[Opening RAW DATA section]

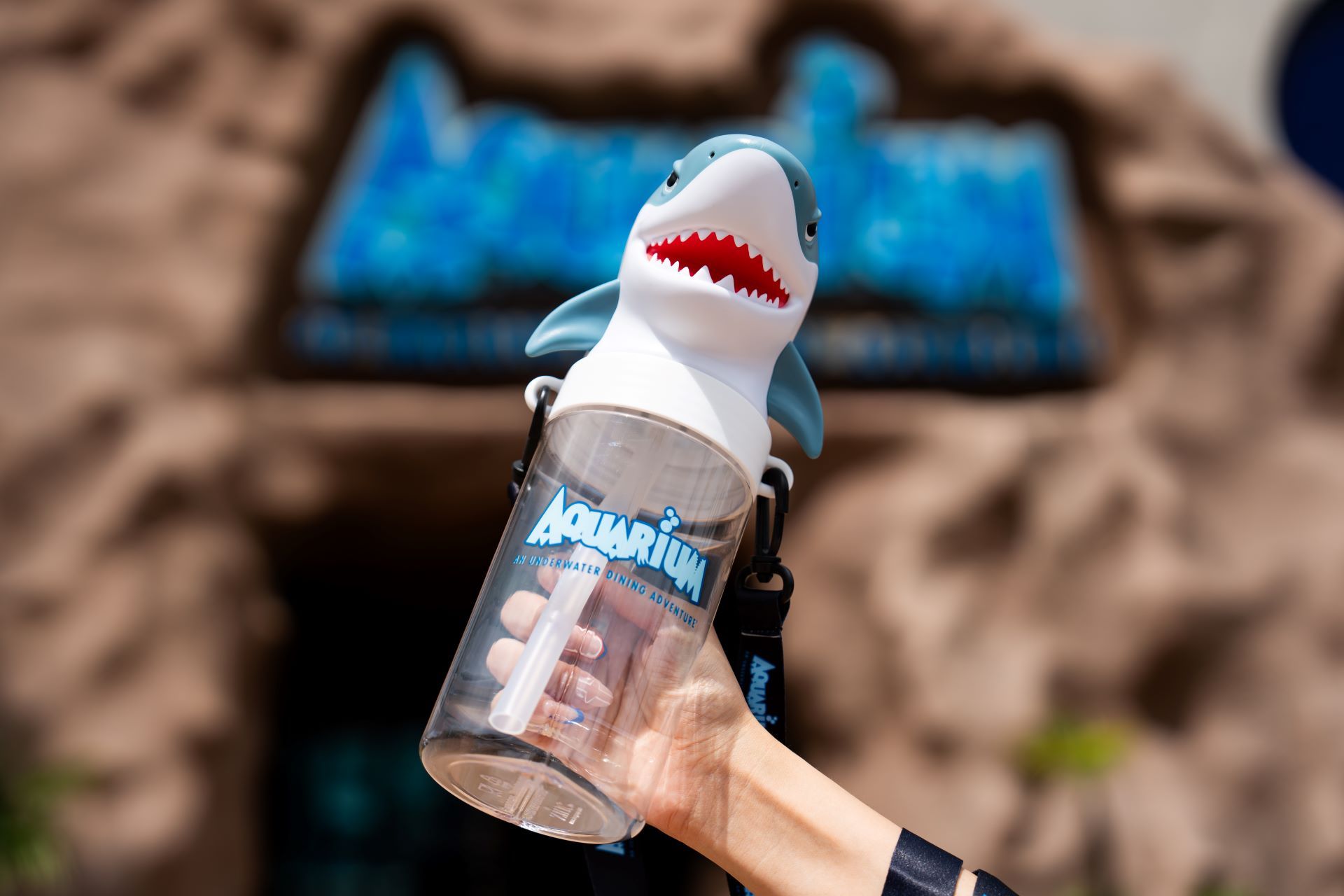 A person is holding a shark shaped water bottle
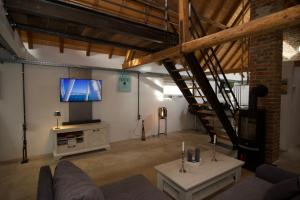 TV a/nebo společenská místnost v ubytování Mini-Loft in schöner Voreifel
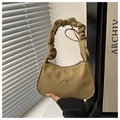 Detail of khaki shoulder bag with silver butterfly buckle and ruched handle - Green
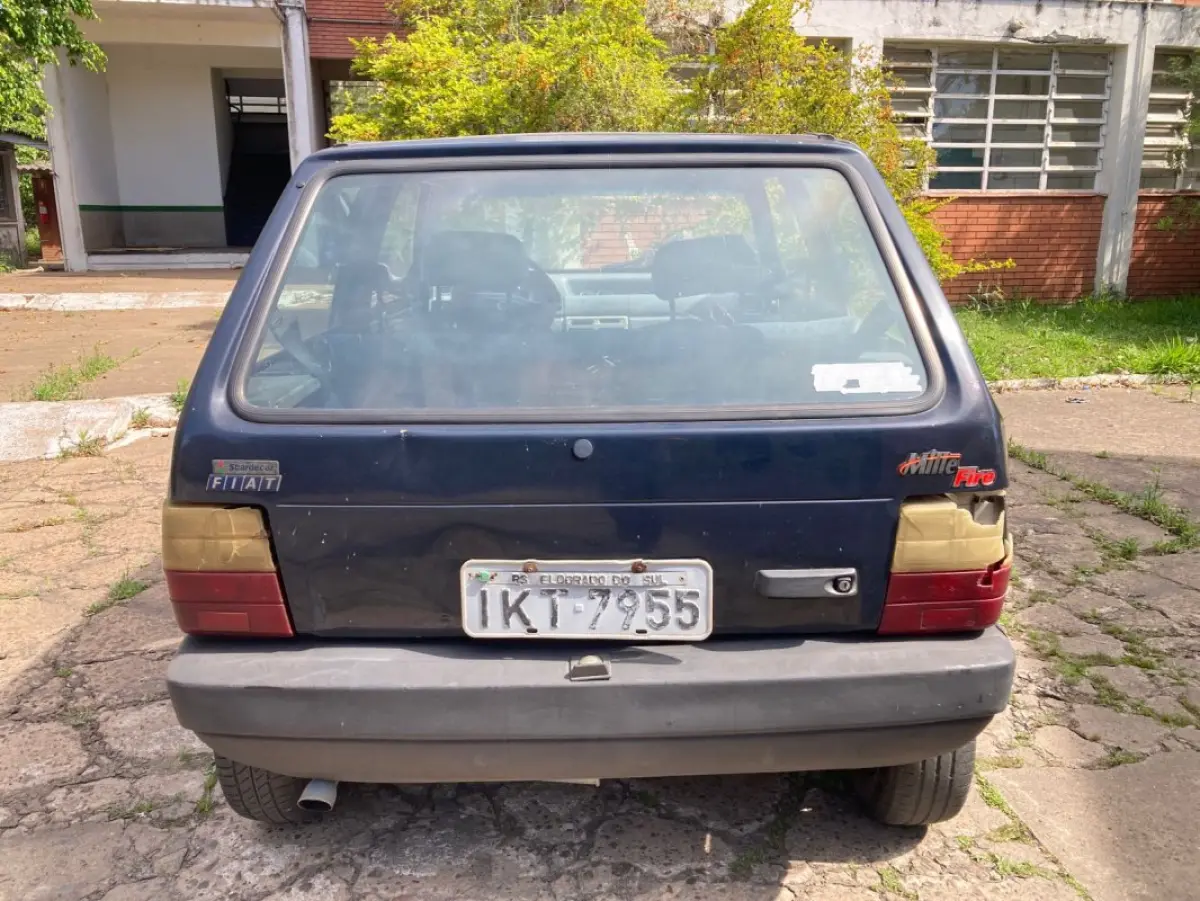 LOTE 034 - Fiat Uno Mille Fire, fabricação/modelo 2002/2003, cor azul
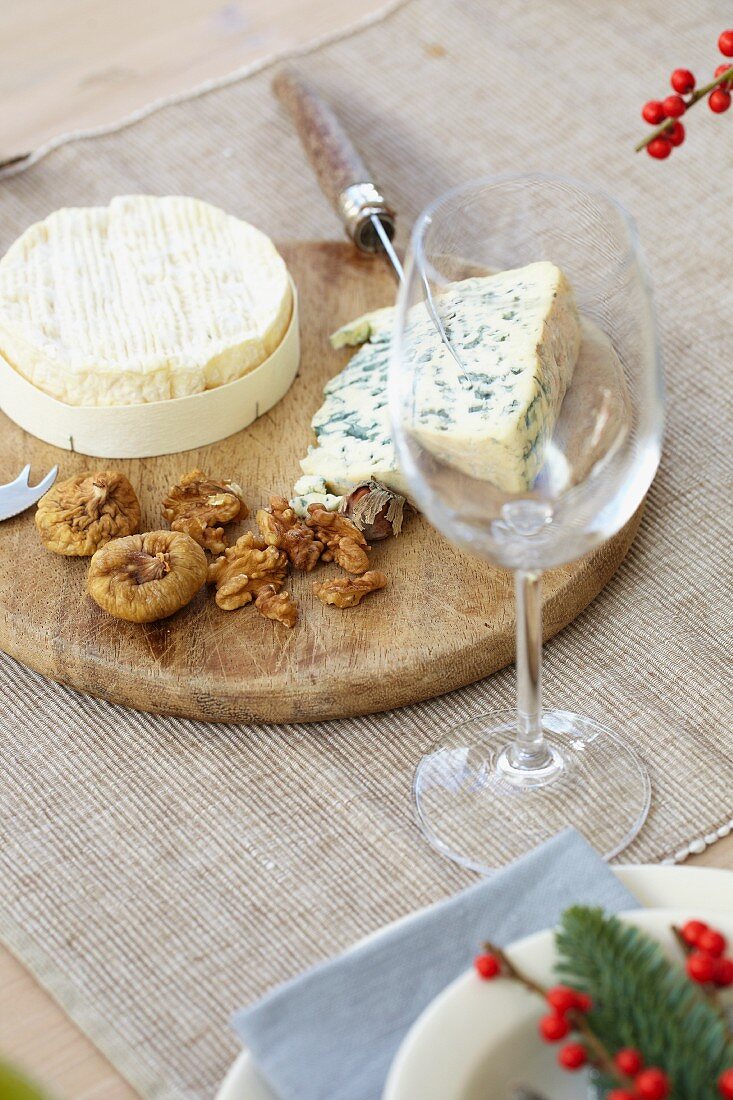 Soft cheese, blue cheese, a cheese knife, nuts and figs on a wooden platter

[Closing RAW DATA section]

● WORK TASK: Needed here is only the span from the line with "TV a/nebo společenská" through the last line of the entries, copied exactly with both ends and without pictures.

● EXERCISE ANSWER:
 TV a/nebo společenská místnost v ubytování Mini-Loft in schöner Voreifel
 Detail of khaki shoulder bag with silver butterfly buckle and ruched handle - Green
 LOTE 034 - Fiat Uno Mille Fire, fabricação/modelo 2002/2003, cor azul
 Soft cheese, blue cheese, a cheese knife, nuts and figs on a wooden platter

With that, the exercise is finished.